Start of Block

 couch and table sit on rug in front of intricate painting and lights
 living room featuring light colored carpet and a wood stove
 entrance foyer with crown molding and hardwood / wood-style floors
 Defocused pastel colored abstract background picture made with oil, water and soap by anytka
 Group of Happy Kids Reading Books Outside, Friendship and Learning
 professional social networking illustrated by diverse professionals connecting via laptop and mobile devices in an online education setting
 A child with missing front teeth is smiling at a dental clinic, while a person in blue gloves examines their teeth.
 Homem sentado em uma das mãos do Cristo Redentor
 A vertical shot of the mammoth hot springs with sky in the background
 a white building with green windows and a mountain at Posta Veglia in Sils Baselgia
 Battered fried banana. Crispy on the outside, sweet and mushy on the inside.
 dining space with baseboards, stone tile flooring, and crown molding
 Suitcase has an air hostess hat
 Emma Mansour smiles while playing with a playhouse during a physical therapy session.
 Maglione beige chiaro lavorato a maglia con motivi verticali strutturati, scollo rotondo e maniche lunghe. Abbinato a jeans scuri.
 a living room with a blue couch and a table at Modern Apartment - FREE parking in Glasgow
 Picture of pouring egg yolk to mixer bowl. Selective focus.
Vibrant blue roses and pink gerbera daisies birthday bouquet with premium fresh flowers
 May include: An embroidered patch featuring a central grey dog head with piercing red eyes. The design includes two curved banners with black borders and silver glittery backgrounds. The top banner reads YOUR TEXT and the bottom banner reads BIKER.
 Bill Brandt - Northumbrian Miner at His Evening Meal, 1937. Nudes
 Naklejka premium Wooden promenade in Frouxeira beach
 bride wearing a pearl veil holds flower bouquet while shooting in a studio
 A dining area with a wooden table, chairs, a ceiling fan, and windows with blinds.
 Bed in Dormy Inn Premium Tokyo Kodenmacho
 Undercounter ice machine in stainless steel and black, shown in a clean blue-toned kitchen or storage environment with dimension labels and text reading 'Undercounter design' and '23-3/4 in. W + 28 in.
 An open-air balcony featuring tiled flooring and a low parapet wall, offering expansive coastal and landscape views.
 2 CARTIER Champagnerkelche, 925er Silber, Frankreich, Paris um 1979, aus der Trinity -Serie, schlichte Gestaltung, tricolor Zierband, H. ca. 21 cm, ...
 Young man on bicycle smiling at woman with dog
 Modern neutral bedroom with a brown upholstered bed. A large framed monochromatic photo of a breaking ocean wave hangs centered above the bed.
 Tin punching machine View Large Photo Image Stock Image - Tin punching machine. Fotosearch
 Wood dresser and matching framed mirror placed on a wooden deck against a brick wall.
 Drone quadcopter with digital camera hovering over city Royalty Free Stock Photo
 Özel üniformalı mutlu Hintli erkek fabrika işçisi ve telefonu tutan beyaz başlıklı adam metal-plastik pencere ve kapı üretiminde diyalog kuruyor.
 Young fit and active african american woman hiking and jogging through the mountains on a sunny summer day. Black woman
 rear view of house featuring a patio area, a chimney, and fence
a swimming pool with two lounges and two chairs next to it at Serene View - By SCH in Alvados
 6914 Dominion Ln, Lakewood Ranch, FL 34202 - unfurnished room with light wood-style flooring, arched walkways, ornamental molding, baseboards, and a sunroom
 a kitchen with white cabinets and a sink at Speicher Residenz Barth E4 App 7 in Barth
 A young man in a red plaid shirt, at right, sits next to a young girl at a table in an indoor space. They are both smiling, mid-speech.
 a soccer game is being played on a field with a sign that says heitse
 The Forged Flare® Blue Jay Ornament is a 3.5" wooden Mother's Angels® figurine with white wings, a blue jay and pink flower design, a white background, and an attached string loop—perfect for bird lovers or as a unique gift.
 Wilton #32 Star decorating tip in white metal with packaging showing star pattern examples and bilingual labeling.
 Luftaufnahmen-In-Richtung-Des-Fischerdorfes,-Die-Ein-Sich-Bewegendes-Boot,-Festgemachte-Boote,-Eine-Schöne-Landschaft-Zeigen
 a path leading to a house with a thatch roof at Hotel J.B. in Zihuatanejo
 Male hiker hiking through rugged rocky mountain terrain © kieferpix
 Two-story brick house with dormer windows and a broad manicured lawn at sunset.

End of Block

The first line of the records begins the span, and the line containing "A child with" ends it. Reproduce that span exactly, both ends included.

__Your solution__.
 couch and table sit on rug in front of intricate painting and lights
 living room featuring light colored carpet and a wood stove
 entrance foyer with crown molding and hardwood / wood-style floors
 Defocused pastel colored abstract background picture made with oil, water and soap by anytka
 Group of Happy Kids Reading Books Outside, Friendship and Learning
 professional social networking illustrated by diverse professionals connecting via laptop and mobile devices in an online education setting
 A child with missing front teeth is smiling at a dental clinic, while a person in blue gloves examines their teeth.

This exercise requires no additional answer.